The same day I read your reprint of the Cammi Granato article was the same day Mike Modano skipped out on his final team meeting. He wants "new blood" in USA Hockey. I've always enjoyed watching Modano, have always respected him. Therefore, when he sounded off, it caught my attention.

Being a Canadian, I was relieved that Cammi was not playing. Being a hockey fan, I was disappointed. Are you telling me there were 18 women who could have contributed more than her on and off the ice?

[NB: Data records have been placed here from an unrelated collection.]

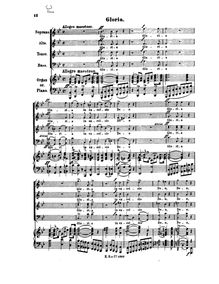 Partition , Gloria, Messe solennelle, Messe solennelle à 4 Voix (Soli et Choeurs) av. Org. ou Orch.
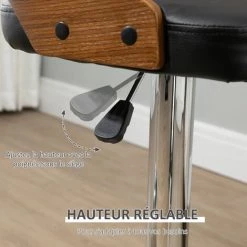 HOMCOM Lot De 2 Tabourets De Bar Design Contemporain Hauteur D'assise Réglable Pivotant 360° Revêtement Synthétique Noir Dossier Ajouré Aspect Bois - Noir 11 HOMCOM Lot De 2 Tabourets De Bar Design Contemporain Hauteur D'assise Réglable Pivotant 360° Revêtement Synthétique Noir Dossier Ajouré Aspect Bois - Noir -France HOMCOM Soldes 2022 50904433 5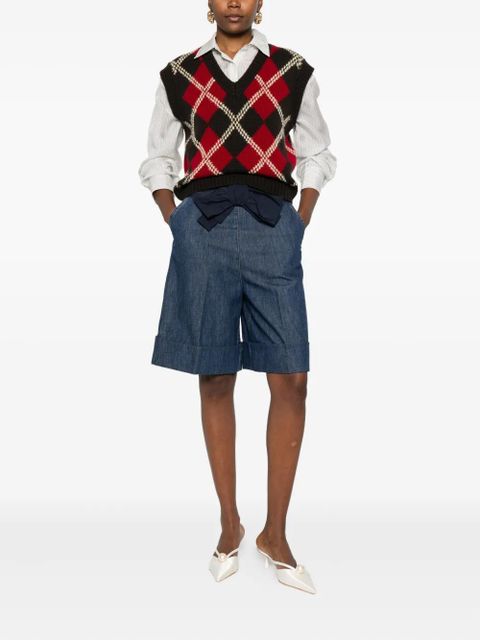 Valentino Garavani bow-embellished denim shorts - Blue - zdjęcie produktu nr 2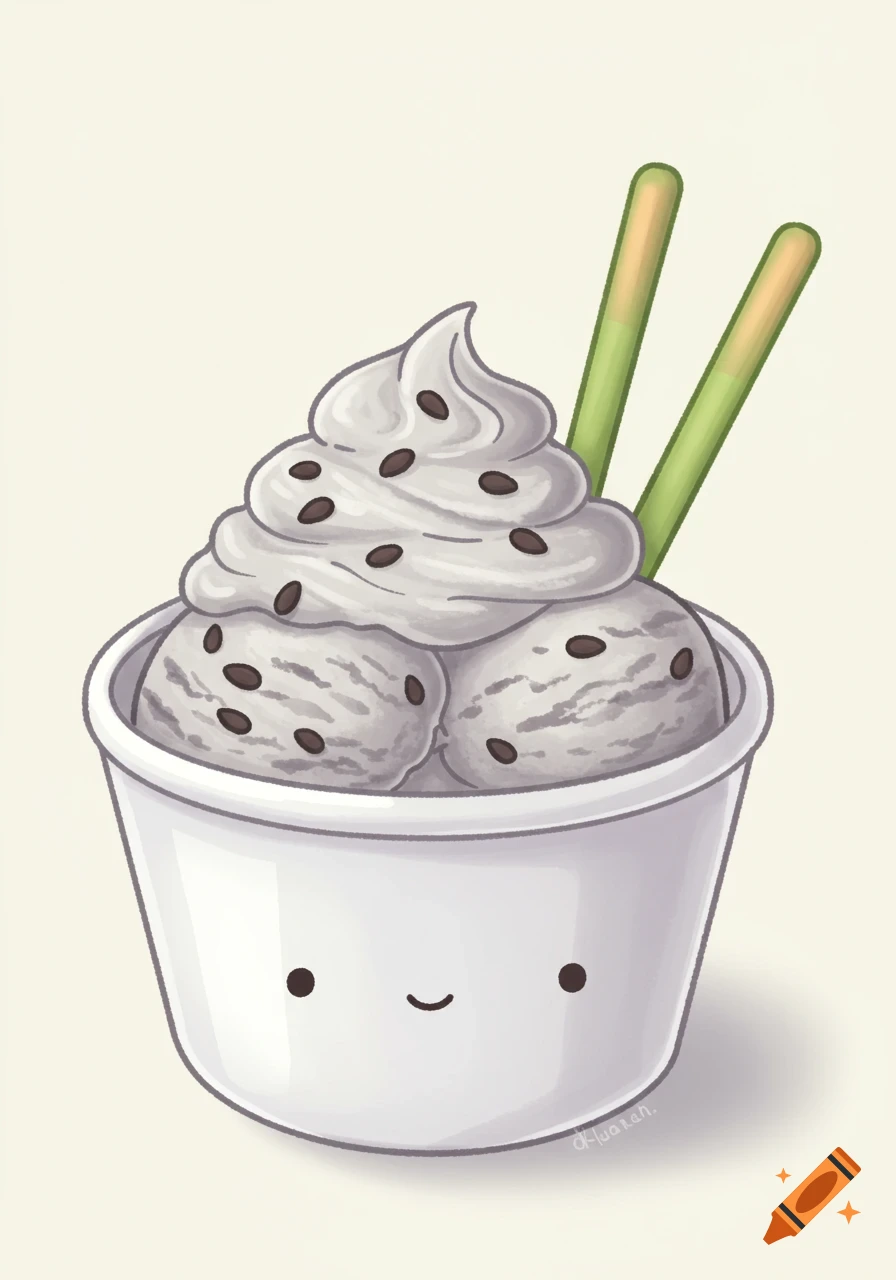 Cartoon drawing of black sesame ice cream with whipped cream and two matcha Pocky sticks in a cute smiling white bowl.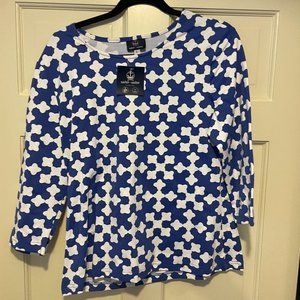 NWT! Sailor Sailor blue and white top, size M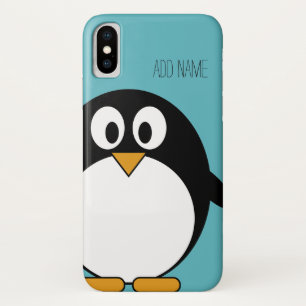 Cute Cartoon Penguin Custom Name Blue iPhone X Case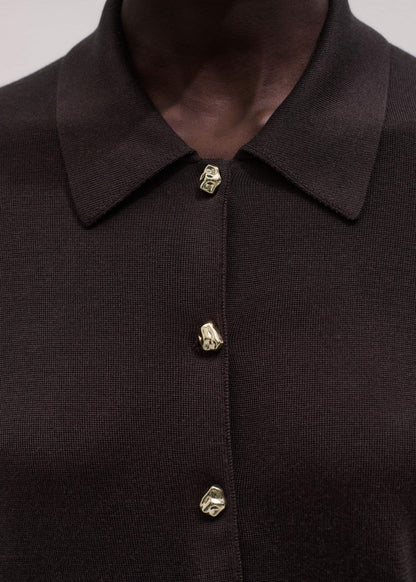 ME+EM Clothing Brown Luxe Knit Slim Shirt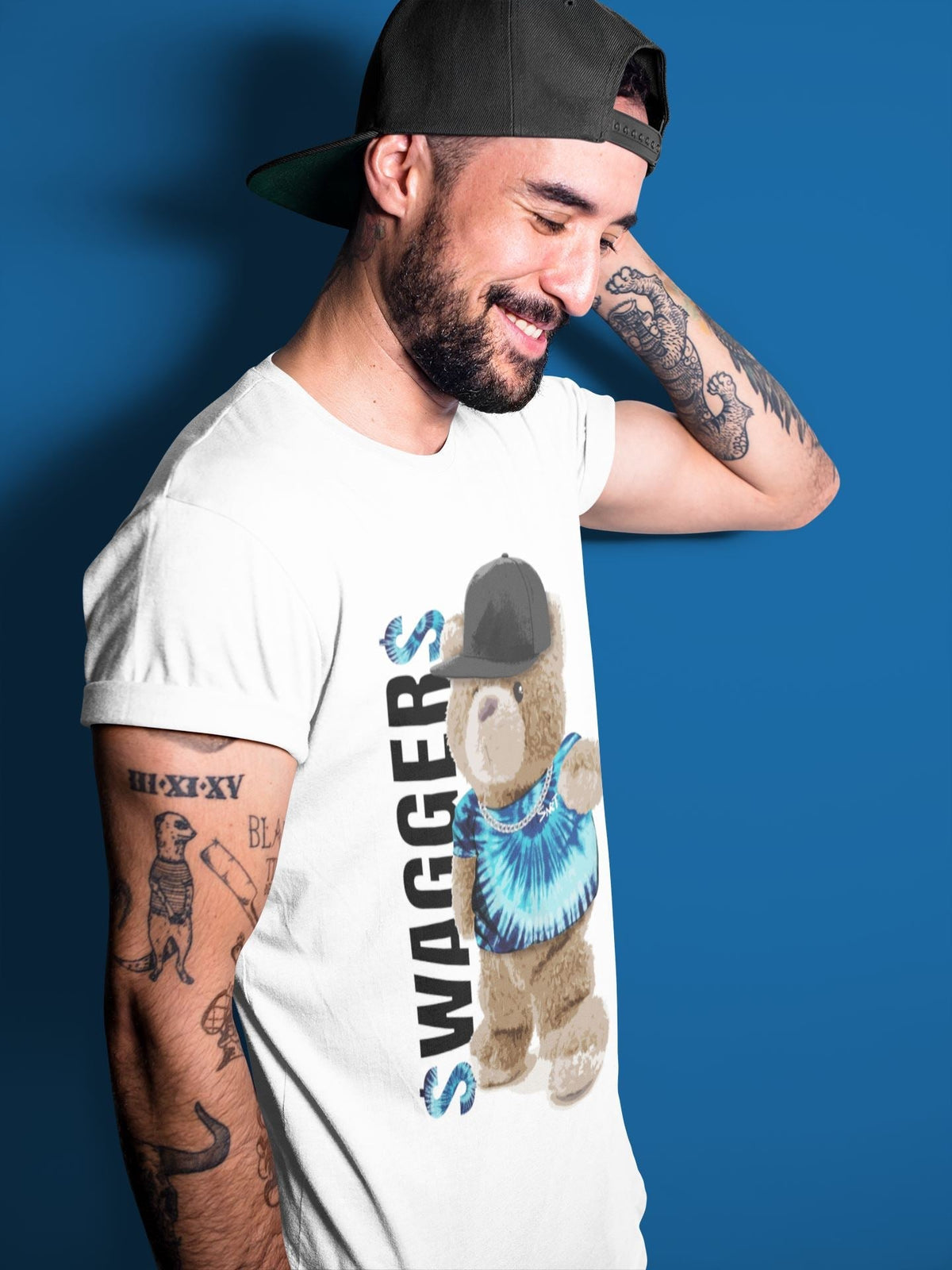 Jordan 1 Tie-Dye Sneaker Matching T-Shirt Bear Swaggers Sneaker Tees Jordan 1 Tie-Dye Sneaker Release Tees Crew Neck Tees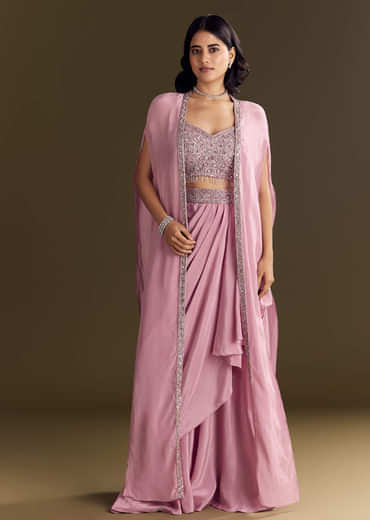 Pink Mirror Sequin Embroidered Croptop Skirt With Cape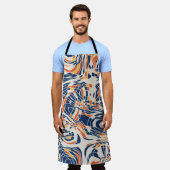 シームレスな抽象芸術線の図形パターン。高品質 エプロン (着用した状態)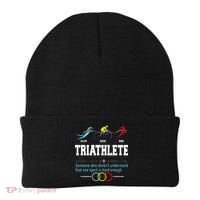 Humorous Triathlon Gift Sports Cycling Running Beanie thumb 0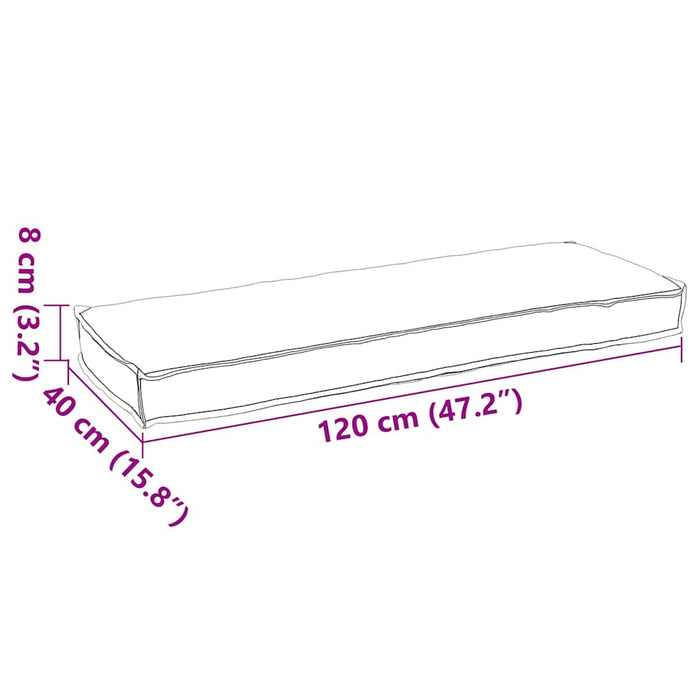 Pallepute for benk Grå 120 x 40 x 8 cm Oxford-stoff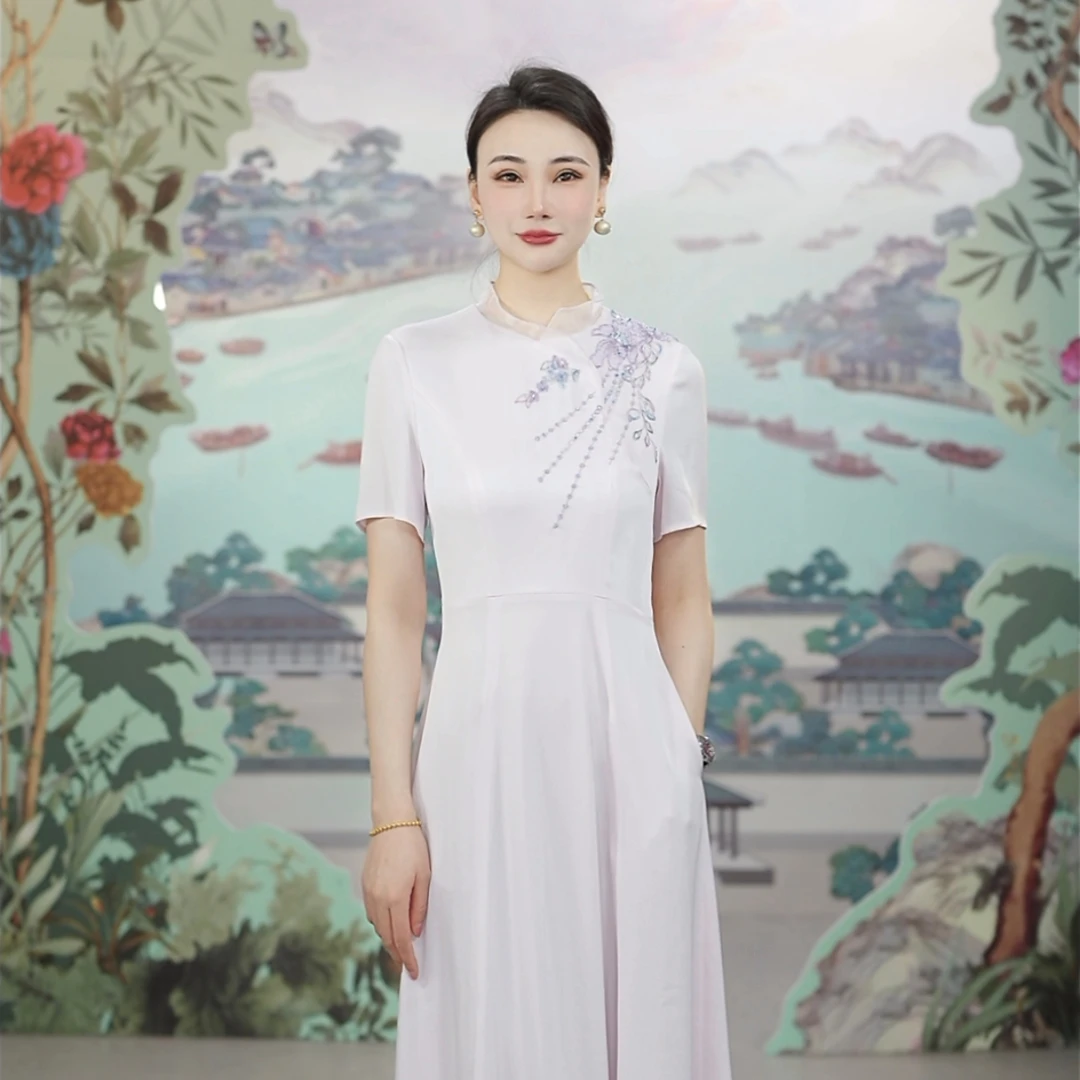 SUSSI/古色【紫兰晨露】刺绣气质简约收腰显瘦显高女装设计感连衣裙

So, here's my question. Who are your top three candidates for USA Hockey? And do you think Gretzky should come back as executive director of Team Canada?

Ed,
Brazil

I don't know the inner workings of USA Hockey well enough to know if there is incompetence or mediocrity. As far as Gretzky goes, he appears to have too much going on. Ownership, coaching, Team Canada, corporate shill, father of five, husband of Janet the Greek. The fact he also went through so much personally around the holidays has brought him to emotional overload. He needs to simplify. I would name Steve Yzerman the executive director of Team Canada for 2010. Yzerman has GM aspirations and is the kind of athlete who sits around with friends, having a couple of beers, debating and naming All-Star, Olympic and fantasy teams. Also, he's relevant because he is still playing.


John,

After seeing Scott Hamilton at the Olympics, I noticed a remarkable resemblance to the "great" Darren Pang. Is it possible they are the same person? Ever seen the two together at the same time? I would dismiss it as coincidence, but I've always thought if you got a male figure skater to be a goalie, they would probably end up with numbers like these:

81 GP, 27-35-7, 0 SO, .859 save %, 4.05 GAA

Just a little suspicious.

Shout out to Dr. Thosopotamus Cassanostra!

Jesse Belcher-Timme
Northampton, Mass.

Hey, those are PANG Chung's career stats! Don't forget Vera PANG was a rookie of the year finalist! An ACL injury forced One Night in PANGkok to retire early. PANG the drum slowly is doing color commentary for the Phoenix Coyotes. Hey, PANG, it's a parking lot!


Hi John,

I totally agree with you about outdoor pond hockey and how much every skater missed it this year. But the good news is I got to play a little this Sunday for a couple hours in the back yard. It was the best feeling I had all year. Well, maybe next year we can get out there more. Thanks John.

Art
Buffalo, N.Y.

The winter that wasn't was saved by my rookie season as a USA Hockey member. Coaching the South Windsor Mite Bs gets me on the ice twice a week. Without that, I would be shoving gardening implements into my eyes right now.


Mr. Buccigross,

Should Garry Unger be in the Hall of Fame? He scored 413 goals, most of them on a terrible St. Louis Blues team in a low-scoring era in the 1970s. He set the iron-man record (since broken by Doug Jarvis, who has 964) by playing in 914 consecutive games. The previous record was 630 games, so he added 284 games -- or 45 percent -- to the standard. He also played in seven consecutive All-Star games.

Bernie Ourth
Casper, Wyoming

Garry Unger's stats were heavily influenced by playing in the expansion-era NHL. Numbers exploded in the late '60s before the talent gap was slowly filled. There were some bad teams during that era, and it was probably one of the more unathletic times in NHL history. The league had a decent number of older players in the league as expansion lengthened their careers. Unger was a very good player, but I think he falls short of the Hall of Fame if you look at some of the reasons behind his numbers.